Mike Wazowski (voice by Billy Crystal) and James P. Sullivan (voice by John Goodman) weren’t always the Scare Floor Dream Team at the Monsters, Inc. power company. In fact there was a time when they could hardly stand each other.
In this prequel to the 2001 animation Monsters, Inc., Sulley and Mike are among the freshman class entering the Scare program on the hallowed campus at Monsters University. For Mike, it’s a lifetime dream come true. For Sulley, it’s the fulfillment of family expectations. Unfortunately for both of them, it’s a big disappointment when they are ousted from the program after accidentally destroying a cherished memento belonging to the school’s Dean Hardscrabble (voice by Helen Mirren). The only way to get back in is to prove themselves at the upcoming Scare Games. But to do so they need to be part of a campus fraternity. And the only one still taking applicants is the OK House.
The OK frat members are a sorry lot. Don (voice of Joel Murray) is a mature student who came back to college after being downsized from his sales job. Art (voice of Charlie Day) is a free spirited monster with a questionable past. The brothers Terry and Terri (voices of Dave Foley and Sean Hayes) share one body for their two heads and Squishy (voice of Peter Sohn) is the chubby, multi-eyed monster whose mother owns and runs their frat house. They are the least athletically endowed monsters on campus. But although neither Mike nor Sulley is happy about having to team up with these outcasts or share a room in their new frat house, both are bent on getting back in the school’s prized program.

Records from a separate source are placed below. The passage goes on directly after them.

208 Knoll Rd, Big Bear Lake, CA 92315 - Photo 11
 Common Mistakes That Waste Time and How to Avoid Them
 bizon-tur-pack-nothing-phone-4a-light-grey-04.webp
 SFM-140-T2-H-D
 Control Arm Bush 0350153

While the Scare Games resemble a reality-TV episode, the story focuses less on the actual competitions and more on the preparations that happen between events. This mishmash of monsters learns to work together, to appreciate and use their individual talents and to take responsibility for their mistakes and choices. Most of all, Sulley and Mike overcome their aversion to one another and begin a lifelong friendship that follows them into the future.
Like the first movie that depicted children’s screams as a power source for the city, Monster University probably isn’t for the very youngest of audience members. There are still plenty of moments of peril and scenes where the scary creatures sneak into a simulated bedroom and elicit screams from a sleeping child. And like some college students, these monsters get involved in brief illegal activities that have them hightailing it from the law.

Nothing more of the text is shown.